TOON supports direct conversion from Pydantic models:

from pydantic import BaseModel
from toon import encode_pydantic, decode_to_pydantic

# Define Pydantic models
class User(BaseModel):
    id: int
    name: str
    email: str

# Encode Pydantic models to TOON
users = [
    User(id=1, name='Alice', email='[email protected]'),
    User(id=2, name='Bob', email='[email protected]')
]

toon = encode_pydantic(users)
print(toon)
# Output:
# [2]{id,name,email}:
#   1,Alice,[email protected]
#   2,Bob,[email protected]

# Decode TOON back to Pydantic models
decoded_users = decode_to_pydantic(toon, User)
assert all(isinstance(u, User) for u in decoded_users)

Features:

  • ✅ Direct conversion from Pydantic models (v1 and v2)
  • ✅ Support for nested models
  • ✅ Exclude unset, None, or default values
  • ✅ Field aliases support
  • ✅ Full validation on decode
  • ✅ Round-trip conversion

See examples/pydantic_usage.py for more examples.

TOON Format Specification

Basic Syntax

# Simple key-value pairs
title: Machine Learning Basics
chapters: 12
published: true

Arrays

Primitive arrays (inline):

temperatures: [72.5,68.3,75.1,70.8,73.2]
categories: [electronics,computers,accessories]

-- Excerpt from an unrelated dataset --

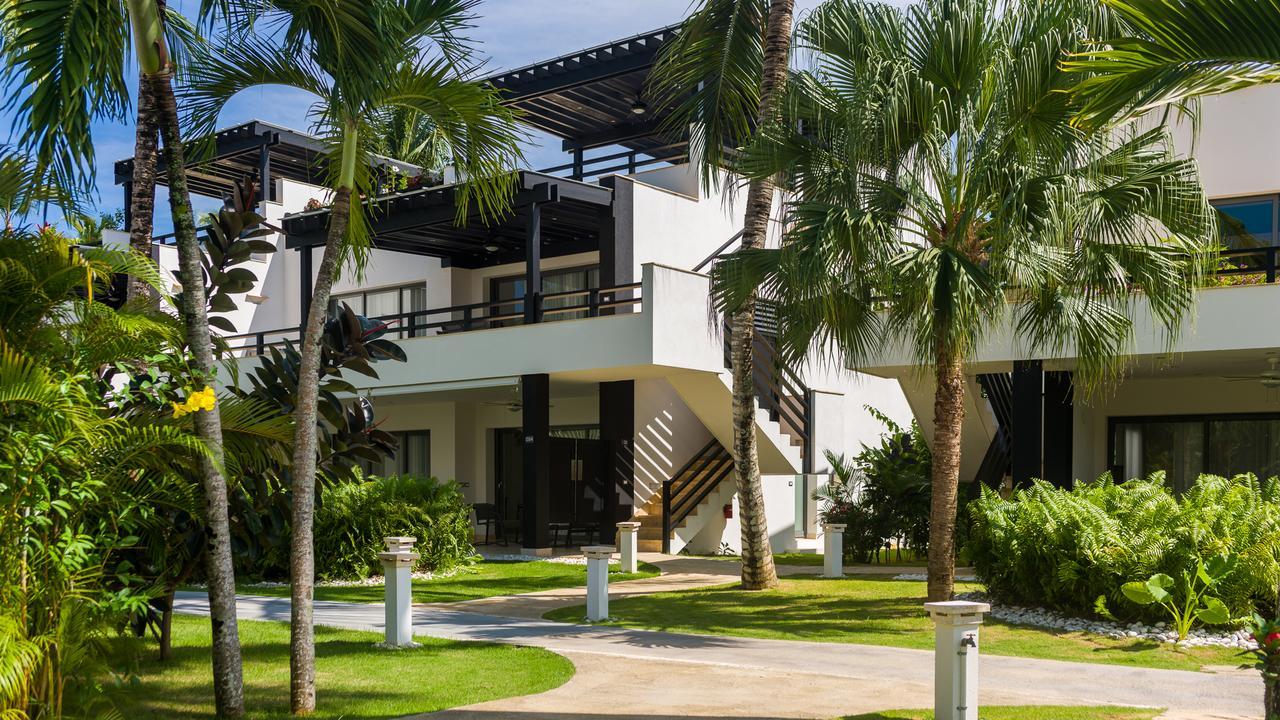 Aligio Apart-Hotel & Spa - Las Terrenas Eksteriør bilde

Tabular arrays (uniform objects with header):

inventory[3]{sku,product,stock}:
  KB-789,Mechanical Keyboard,45
  MS-456,RGB Mouse Pad,128
  HD-234,USB Headset,67

List arrays (non-uniform or nested):

tasks[2]:
  Complete documentation
  Review pull requests

Nested Objects

server:
  hostname: api-prod-01
  config:
    port: 8080
    region: us-east

Quoting Rules

Strings are quoted only when necessary:

  • Contains special characters (,, :, ", newlines)
  • Has leading/trailing whitespace
  • Looks like a literal (true, false, null)
  • Is empty
simple: ProductName
quoted: "Product, Description"
escaped: "Size: 15\" display"
multiline: "First feature\nSecond feature"

API Reference

encode(data, options=None)

Convert Python object to TOON string.

Parameters:

  • data: Python dict or list
  • options: Optional dict with:
    • delimiter: 'comma' (default), 'tab', or 'pipe'
    • indent: Number of spaces per level (default: 2)
    • key_folding: 'off' (default) or 'safe'
    • flatten_depth: Max depth for key folding (default: None)

Example:

toon = encode(data, {
    'delimiter': 'tab',
    'indent': 4,
    'key_folding': 'safe'
})

decode(toon_string, options=None)

Convert TOON string to Python object.

Parameters:

  • toon_string: TOON formatted string
  • options: Optional dict with:
    • strict: Validate structure strictly (default: True)
    • expand_paths: 'off' (default) or 'safe'
    • default_delimiter: Default delimiter (default: ',')

Example:

data = decode(toon_string, {
    'expand_paths': 'safe',
    'strict': False
})

encode_pydantic(model, options=None, exclude_unset=False, exclude_none=False, exclude_defaults=False, by_alias=False)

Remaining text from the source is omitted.